Another Wingnut New Deal Myth Busted

I am not talking here about the delusional ramblings of people like wingnut welfare recipient* Amity Shlaes, who suggests that capitalists put their money in their mattresses in Atlas Shrugged style in 1937 because of the "uncertainties" that FDR produced.

After all, that one has been debunked by a legion of economist including right wing darling Milton Friedman, with the only dispute being to what degree the cause was fiscal tightening in 1937 by FDR (Keynesian) or monetary tightening by the Fed (Chicago School).

Instead, I am talking about the suggestions by the Chicago School boys that the New Deal did little or nothing to fix unemployment.

As economist James Galbraith so ably notes, the people who want to show this do so by not counting employed people.

Actually, it's more than that, it's by counting the employed as unemployed.

He starts out with the figures must usually used by neoliberal economists, in which Stanley Lebergott seems to show that the 1937 recession returned unemployment to nearly its prior level.

It seems to be a damning indictment of the new deal, except, as Michael R. Darby noted in 1976, 3½ million employed individuals are not being counted in this graph.

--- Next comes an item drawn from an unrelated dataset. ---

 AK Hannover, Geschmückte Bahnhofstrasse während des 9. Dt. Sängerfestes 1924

As Lebergott notes in his own footnotes, the people on "Emergency Employment," things like the WPA and NRA (not the gun lobby) projects are simply not counted, because that is how the BLS counted employment in the 1930s.

What's more, not only are they not counted, they are counted as unemployed, which paints a very different picture, with the dashed line showing the unemployment numbers.

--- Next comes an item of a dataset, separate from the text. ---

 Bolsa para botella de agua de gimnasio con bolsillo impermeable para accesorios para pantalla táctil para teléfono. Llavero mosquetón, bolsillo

The critics of FDR are figuring unemployment numbers by using employment data ex-employment data.

While there may be a case, though I would disagree, that these people should be dropped from the employment rolls for counting purpose, as active duty military were until 1982, when they were added to artificially keep the unemployment rate below 10% by Ronald Reagan's BLS.

It turns out that if you take their argument, which is that government employment isn't real, and that private sector is what matters, you get a picture which an even more drastic drop in unemployment during the New Deal, in part because private sector unemployment did not peak at 25%, but because it peaked at 30%. (!)

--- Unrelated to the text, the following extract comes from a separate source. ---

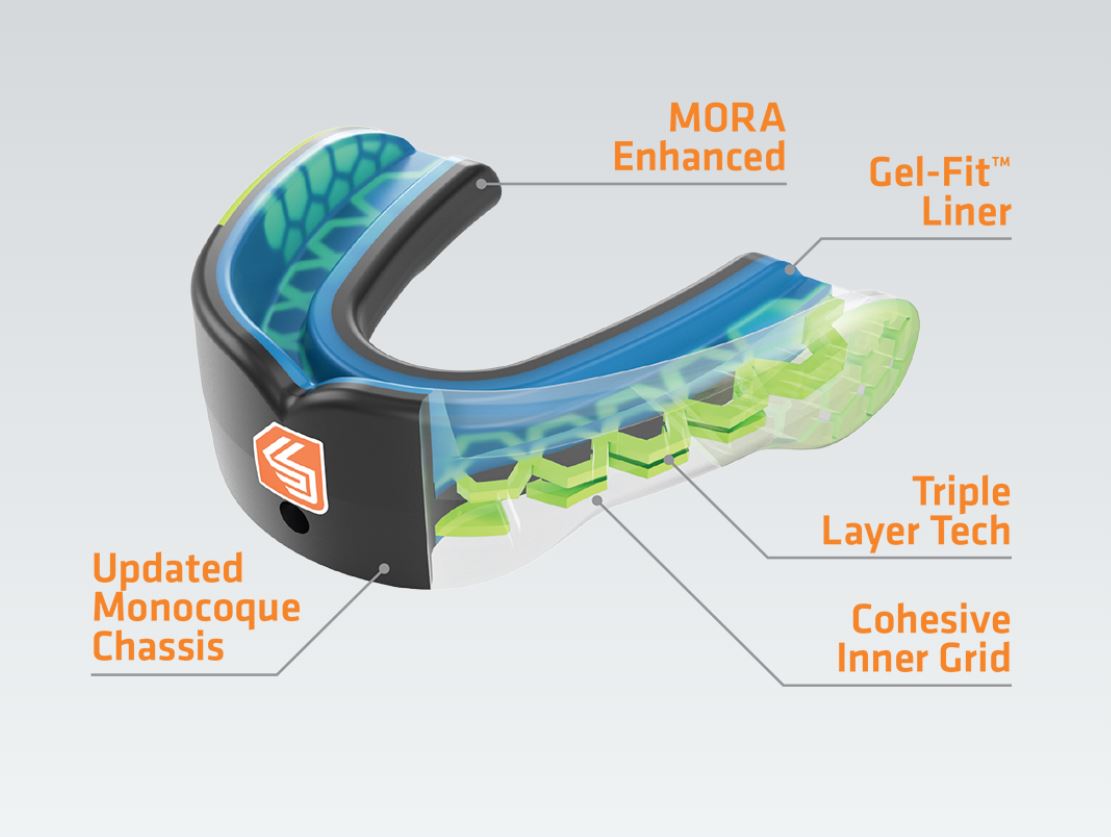 Protège-dents Shock Doctor Gel Max Power - Transparent/Bleu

So, now that we have dealt with that shibboleth, I actually found another interesting bit of information, from a handy chart of GDP and federal spending from 1930 to 1984, which allows me to do this GDP chart in both absolute and real (inflation adjusted) terms using CPI data available online.

It shows a fairly blistering decent growth rate in 1934, with blistering double digit growth in 1935 and 1936, and in 1937, the economy, in real terms, finally passes the 1930 economy, as opposed to 1941 in absolute terms.

This gives us an insight as to why Roosevelt listened to his Treasury Secretary, and cut spending: he thought, or at least his gut was telling him, that the economy had grown beyond the level of 1930.

*She graduated with a degree in English from Yale's Jonathan Edwards College, never, as near as I can determine, has published anything on economics in a peer reviewed setting, and yet she is a senior fellow in economic history at the Council on Foreign Relations.
Ivy League Welfare too, I guess.
The fact that her rise to prominence followed her 1988 marriage to right wing luminary "journalist" Seth Lipsky, former editor-in-chief and president of the faux "newspaper" the New York Sun seems to indicate that nepotism is involved, but compared to Bill Kristol, who would be flipping burgers but for who his father was, it's a minor example.§
§Why doesn't the left support its ideological foot soldiers in the same way?

2 comments :

noez1 said...

Thank you for standing up for FDR and showing the true data and not the bullshit that others profess. I've proudly displayed your data when arguing with conservatives on YouTube, who are always trying to say that the new deal was a failure. I must admit i'm dumb when it comes to economics, so maybe you could explain to me how government soending on new deal jobs has been included in real gdp and how that works, because I've been arguing with some guy who tries to say the new deal spending was more bad than good. Thanx again for giving me some real ammo!

Matthew G. Saroff said...

It won't matter.  They will continue to insuist that the moon is made from green cheese.